For an end-of-year playlist, I was tempted to focus on the glittering dance tracks, hip hop ballads, and crashing rock numbers that propelled 2014's late-night bar crawls and caffeinated road-trips. Much of the past year's standout music packed momentum and pizzazz; new songs by TV on the Radio, Spoon, Taylor Swift, Run the Jewels, the Black Keys, and St. Vincent come to mind.

But for when you're at home during the grayest and shortest days of the year, none of that will do. Here's a playlist for afternoons spent hibernating in sweatpants and flipping through photo albums while the snow piles up outside. The best introverted music of 2014. Songs that pair well with nostalgia, daydreaming, the settling feeling of having nowhere to go but the kitchen for more tea. In the words of Axl Rose (as quoted on featured band Luluc's website): "Said woman, take it slow and things will be just fine."

You can also listen to the playlist nonstop via Spotify (embedded at the bottom).

1. The Barr Brothers, "Love Ain't Enough"

This playful and eclectic Montreal-based group experiments with obscure instruments like the African ngoni, dabbles in Delta-inspired blues, and knows how to really bang it out during live shows. But this tender track, with Sarah Page's hypnotic harp and front man Brad Barr's ragged voice laid out bare, is a clear standout on the band's new album Sleeping Operator.

2. Brandi Carlile, "The Eye"

This song is steeped in regret and remembrance, and it rings with simple and assured harmonies.
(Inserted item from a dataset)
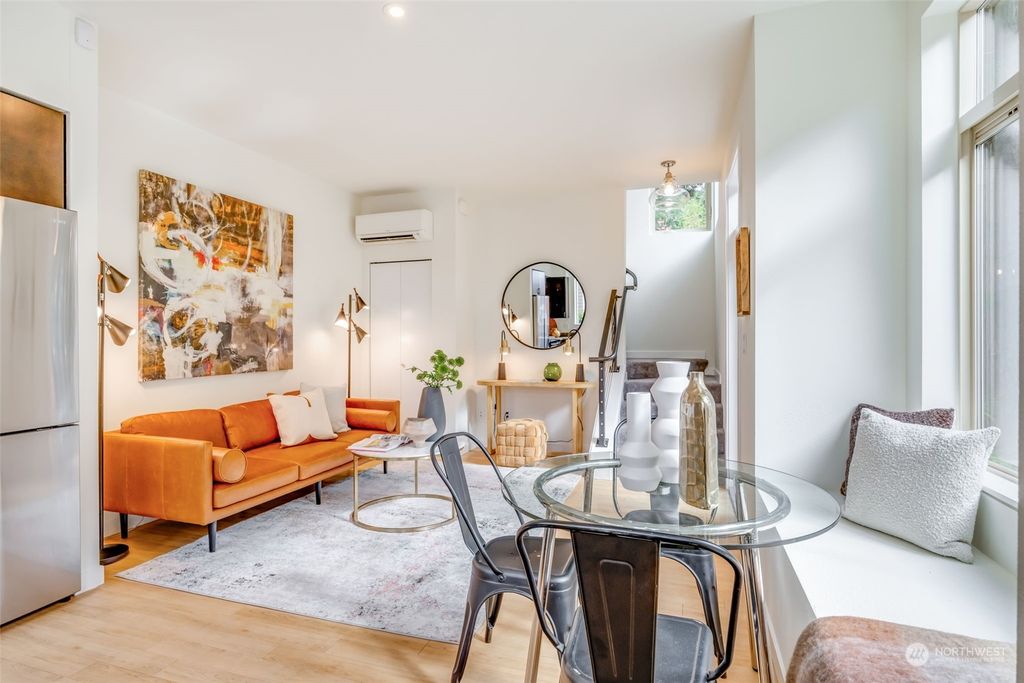 Photo of 1423 NE 86th Street, Seattle, WA 98115 (MLS # 2299441)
Singer-songwriter Carlile's forthcoming album The Firewatcher's Daughter is set to land March 3, 2015. "Vulnerability is all over this record," she told NPR, and maybe nowhere more than in "The Eye."

3. Luluc, "Small Window"

Australian duo Luluc has opened for the likes of Lucinda Williams and Fleet Foxes. In this gentle tune, singer Zöe Randell murmurs of dreamy reflections from an airplane seat. The echoey blend of her voice with partner Steve Hassett's will make you want to float away.

4. Marissa Nadler, "Drive"

Nadler released a burst of new music in 2014: An album July, and then Before July, an EP full of unreleased songs including a fresh take on Elliott Smith's "Pitseleh." Like much of her music, something about "Drive" feels haunted—Nadler's delicate voice and the track's minor chords swirl together and summon dark woods and lonely highways.

5. James Bay, "Let it Go"

Breakout crooner James Bay perfectly evokes the torturous process of untangling from a lover. This song helped make the soulful Bay a Brit Awards Critic Choice Winner of 2015, and all before releasing his full-length debut, Chaos and the Calm, due out in March.

6. The Staves, "In the Long Run"

Combine the sounds of folksy trio Mountain Man and the ever deep Laura Marling and you get The Staves, a perfect answer to midwinter melancholy. Their angelic voices, flawless picking, and thoughtful harmonies make me want to listen to this bittersweet song on repeat.

7. Sharon Van Etten, "Our Love"

Moody yet transcendent, "Our Love" showcases Van Etten's vocal control. Paired with this steamy video, the tune is the ideal backdrop for an afternoon make-out session.

8. alt-J, "Warm Foothills"

One of the songs off of alt-J's latest album, This Is All Yours, samples Miley Cyrus, but I prefer the velvety female vocals of Lianne La Havas and Marika Hackman on "Warm Foothills," a song braided together with glimmering guitar, silky violins, and hopeful whistling. The lyrics are full of playful poetry: "Blue dragonfly darts, to and fro, I tie my life to your balloon and let it go."

9. José González, "Every Age"

"Some things change, some remain, some will pass us unnoticed by," González chants in this pulsing paean to life's journey, the first single off of his forthcoming album. "Every Age" is a "beautifully spare, existential meditation," writes music critic Robin Hilton.

10. Júníus Meyvant, "Color Decay"

Icelandic group Júníus Meyvant weaves together deft violin and booming brass to create this plush song, a number deemed the year's best by Music That Matters host Kevin Cole.